Unnamed: 0,sepal_length_cm,sepal_width_cm,petal_length_cm,petal_width_cm,target,label
0,5.1,3.5,1.4,0.2,0,setosa
1,4.9,3.0,1.4,0.2,0,setosa
2,4.7,3.2,1.3,0.2,0,setosa
3,4.6,3.1,1.5,0.2,0,setosa
4,5.0,3.6,1.4,0.2,0,setosa


In [6]:
# create the feature set
fs_iris = FeatureSet(name="iris_features",
                     entities=["sepal_length_cm"])
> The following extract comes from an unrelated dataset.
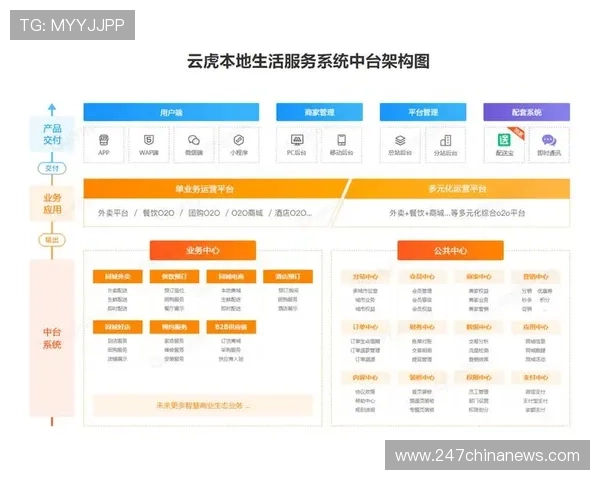 开云app网址官方入口大整理官方渠道汇总助你便捷访问平台无忧体验优质服务 开云app网址官方入口大整理官方渠道汇总助你便捷访问平台无忧体验优质服务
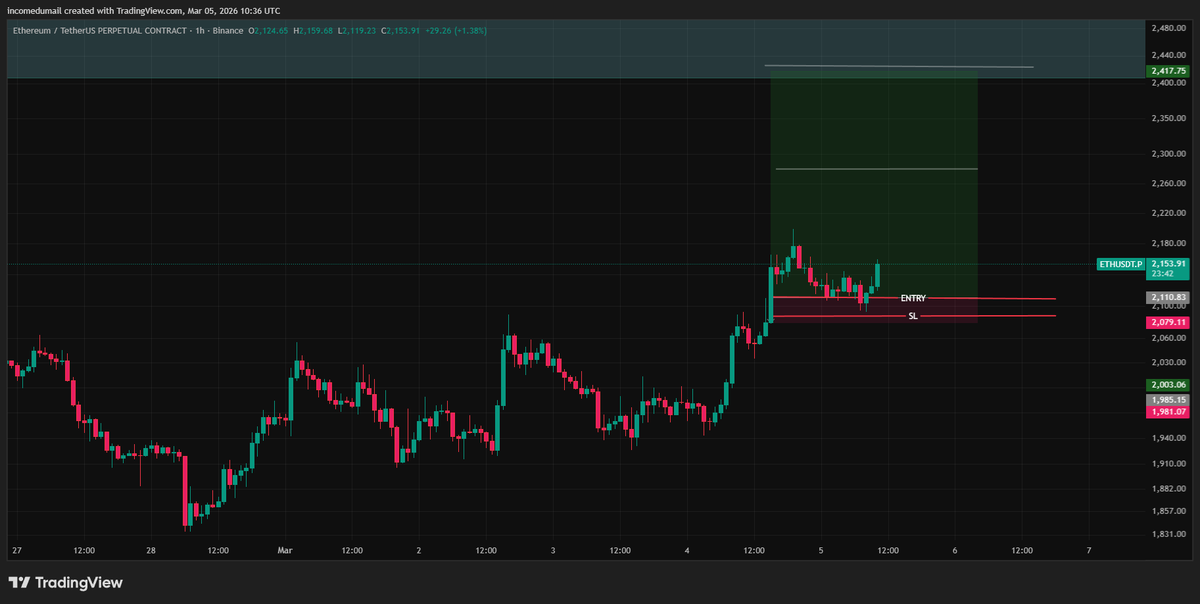 tanidas123's tweet photo. TRADE FROM YESTER DAY $ETH HOLD IT TIGHT TRADES https://t.co/fVXuUSbr2B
# # Add a local Parquet target
# fs_iris.set_targets([ParquetTarget(path=project.artifact_path)], with_defaults=False)

# ingest the source data
df_iris = fstore.ingest(featureset=fs_iris,
                        source=df_source)

# create the dataset
fv_iris = fstore.FeatureVector(name="iris_vector",
                                   features=["iris_features.*"], 
                                   label_feature="iris_features.label",
                                   with_indexes=True)
fv_iris.save()



In [7]:
# # Delete a feature set by name and project
# fstore.delete_feature_set(name="iris_features",
#                           project=project_name,
#                           force=True)


In [None]:
## Retrieve the feature set
print(f"Retrieving the feature set from:\n{fv_iris.uri}")

fstore.FeatureVector.get_offline_features(fv_iris.uri).to_dataframe()
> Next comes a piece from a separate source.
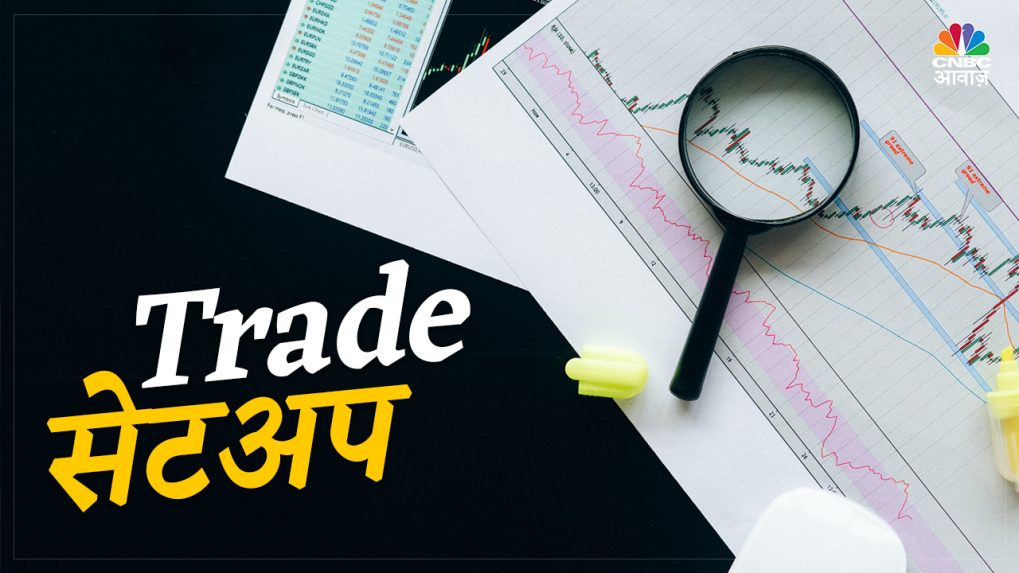 Trade Setup For Friday: बाजार खुलने से पहले ट्रेड से जुड़ी 10 काम की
Retrieving the feature set from:
store://feature-vectors/mlrun-demo-johannes/iris_vector


Unnamed: 0_level_0,sepal_width_cm,petal_length_cm,petal_width_cm,target,label
sepal_length_cm,Unnamed: 1_level_1,Unnamed: 2_level_1,Unnamed: 3_level_1,Unnamed: 4_level_1,Unnamed: 5_level_1
5.1,3.5,1.4,0.2,0,setosa
4.9,3.0,1.4,0.2,0,setosa
4.7,3.2,1.3,0.2,0,setosa
4.6,3.1,1.5,0.2,0,setosa
5.0,3.6,1.4,0.2,0,setosa
...,...,...,...,...,...
6.7,3.0,5.2,2.3,2,virginica
6.3,2.5,5.0,1.9,2,virginica
6.5,3.0,5.2,2.0,2,virginica
6.2,3.4,5.4,2.3,2,virginica


## 2. Register and Run Training

In [9]:
# create the function for training the model
fn_train = project.set_function(
    func="01_train.py",
    name="train",
    kind="job",
    image="mlrun/mlrun")

In [None]:
# run the training function
run = fn_train.run(
    inputs={"dataset": fv_iris.uri},
    handler="train_model",
    artifact_path=project.artifact_path,
    local=True,)

> 2025-07-09 14:25:34,401 [info] Storing function: {"db":"http://dragon:30070","name":"train-train-model","uid":"3fce051dacd641c192eb7dca2ca81cf8"}
s3://mlrun/projects/mlrun-demo-johannes/FeatureStore/iris_features/parquet/sets/iris_features/1752063930692_808/


project,uid,iter,start,state,kind,name,labels,inputs,parameters,results
mlrun-demo-johannes,...a81cf8,0,Jul 09 12:25:34,completed,run,train-train-model,v3io_user=johanneskind=localowner=johanneshost=m-vodacom-joaf.lan,dataset,,





> 2025-07-09 14:25:35,950 [info] Run execution finished: {"name":"train-train-model","status":"completed"}